Provided data:
━━━━━━━━━━━━━━━━

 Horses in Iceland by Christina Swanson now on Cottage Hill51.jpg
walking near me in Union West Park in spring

━━━━━━━━━━━━━━━━

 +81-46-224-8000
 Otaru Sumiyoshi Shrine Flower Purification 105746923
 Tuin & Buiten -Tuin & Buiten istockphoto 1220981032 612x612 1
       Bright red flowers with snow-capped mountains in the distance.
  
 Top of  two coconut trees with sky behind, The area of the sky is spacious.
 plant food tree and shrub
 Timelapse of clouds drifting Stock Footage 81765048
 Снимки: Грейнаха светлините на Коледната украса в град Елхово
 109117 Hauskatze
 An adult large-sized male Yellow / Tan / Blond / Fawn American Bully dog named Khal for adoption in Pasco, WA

━━━━━━━━━━━━━━━━

Required action: Among the entries above, locate the lines containing "plant food tree and shrub" and "An adult large-sized", and transcribe exactly those two lines and all lines between.

Answer to this task:
 plant food tree and shrub
 Timelapse of clouds drifting Stock Footage 81765048
 Снимки: Грейнаха светлините на Коледната украса в град Елхово
 109117 Hauskatze
 An adult large-sized male Yellow / Tan / Blond / Fawn American Bully dog named Khal for adoption in Pasco, WA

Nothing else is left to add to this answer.